C. Apply analysis tools from NLTK to get summary data and explore hypotheses about the user's tweets

D. Use Python libraries to visualize the data you collect

In this workbook, we'll cover A and B from the list above.  First, I'll show you how to gather any user's timeline using just Python and a few libraries. Then, we'll get ready to do the fun part of the project - the analysis - by cleaning the data and putting it into your choice of a csv file or Python dictionary.

I'm using Python 3.6 in this project, as well as an [Anaconda virtual environment](https://conda.io/docs/user-guide/tasks/manage-environments.html).  To complete the steps below, you should already have Python 3.6 and Anaconda installed and the virtual environment activated.
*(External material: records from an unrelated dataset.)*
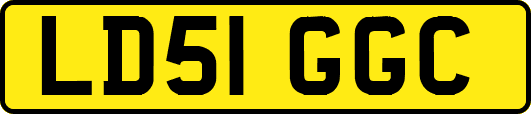 LD51GGC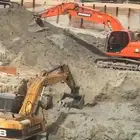 موسسة اعمال الحفر والاحلال وتاجير المعدات الثقيله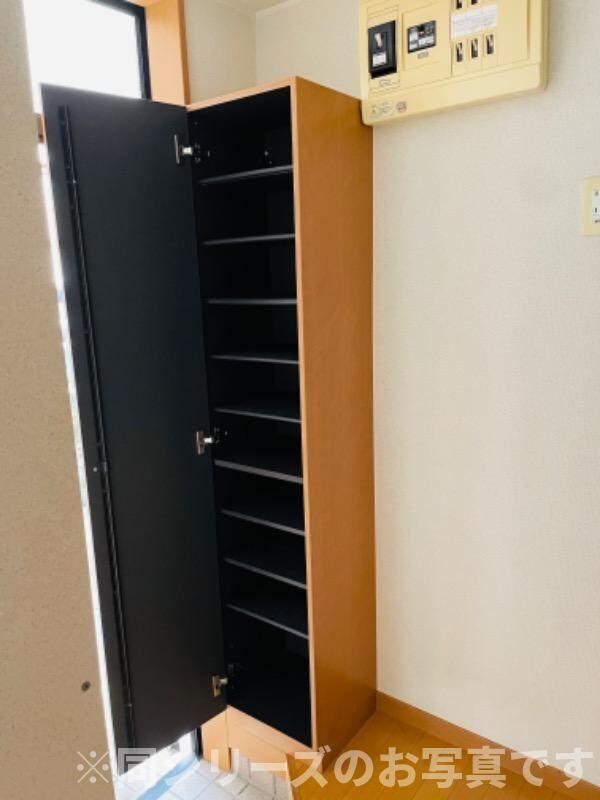 インディペンデンス六本松の物件内観写真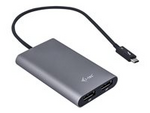Dual Display Port Video Adapter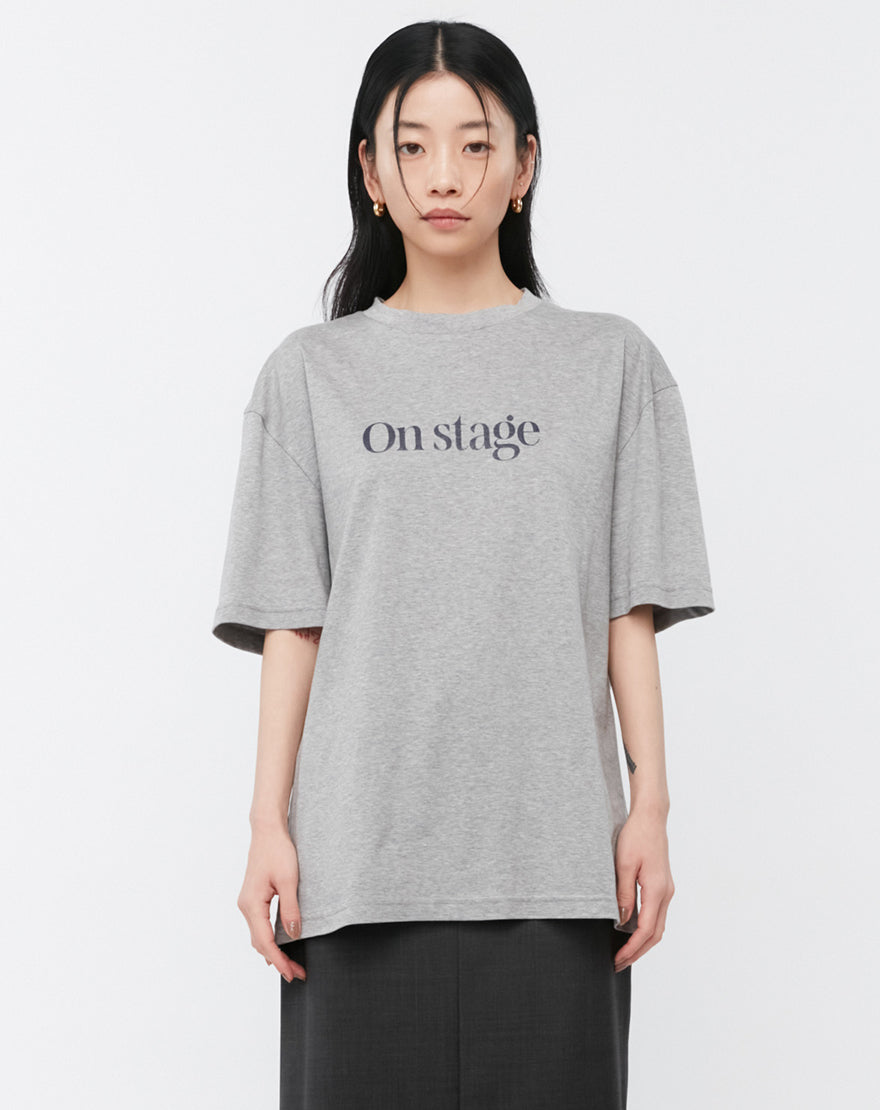 On Stage Tshirt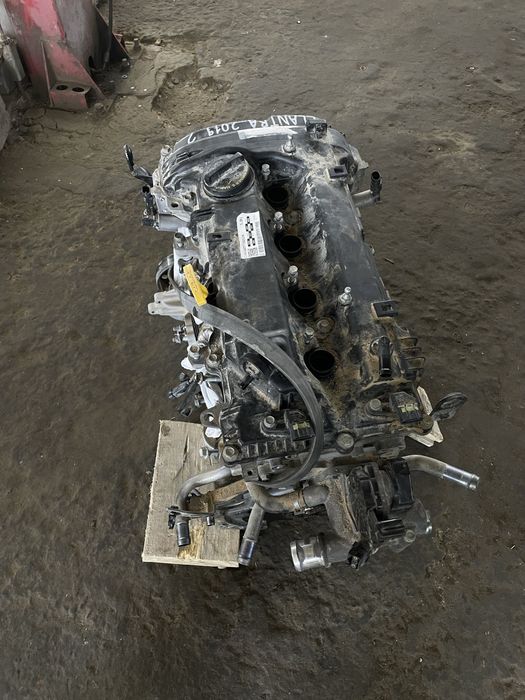 Оригинальный Матор от Хюндай Элантры 2016-17,18 год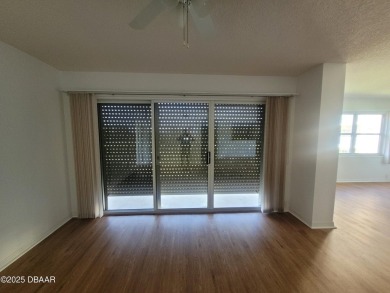 Daytona Beach Shores Cloverleaf North Condo! A UNIQUE condo that on Oceans Golf Club in Florida - for sale on GolfHomes.com, golf home, golf lot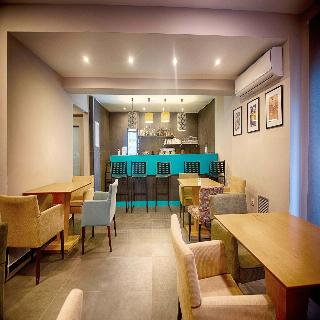 Falireon Hotel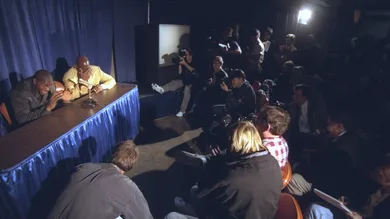 Getty Images / Staff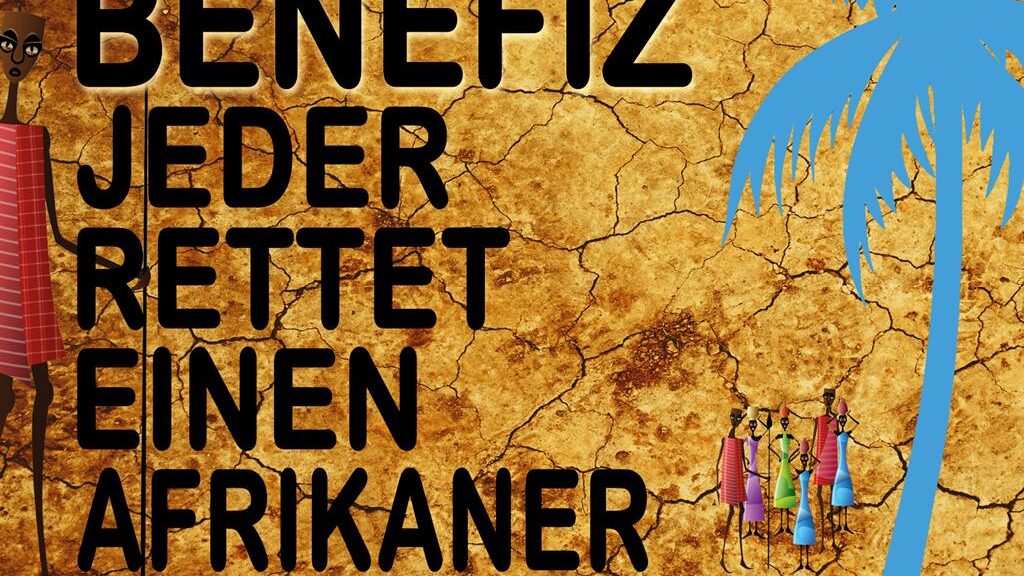 Echte Lausund-Manier im Lagerhaus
You will also need a Twitter account and an internet connection to complete this workbook. 

Since I code on a Mac I use some terminology that doesn't translate to a Windows machine in places; terminal instead of shell for example. 

If you're not too familiar with Jupyter Notebooks, they are awesome, and [this quick start guide](http://jupyter-notebook-beginner-guide.readthedocs.io/en/latest/) is well worth your time.  Knowing the basics will help you through this notebook and be a useful tool when you do your own projects!

This code lives on Github, and is the subject of [this post](https://medium.com/p/ff41b941ed6) on my technical blog, [agatha.codes](https://medium.com/agatha-codes)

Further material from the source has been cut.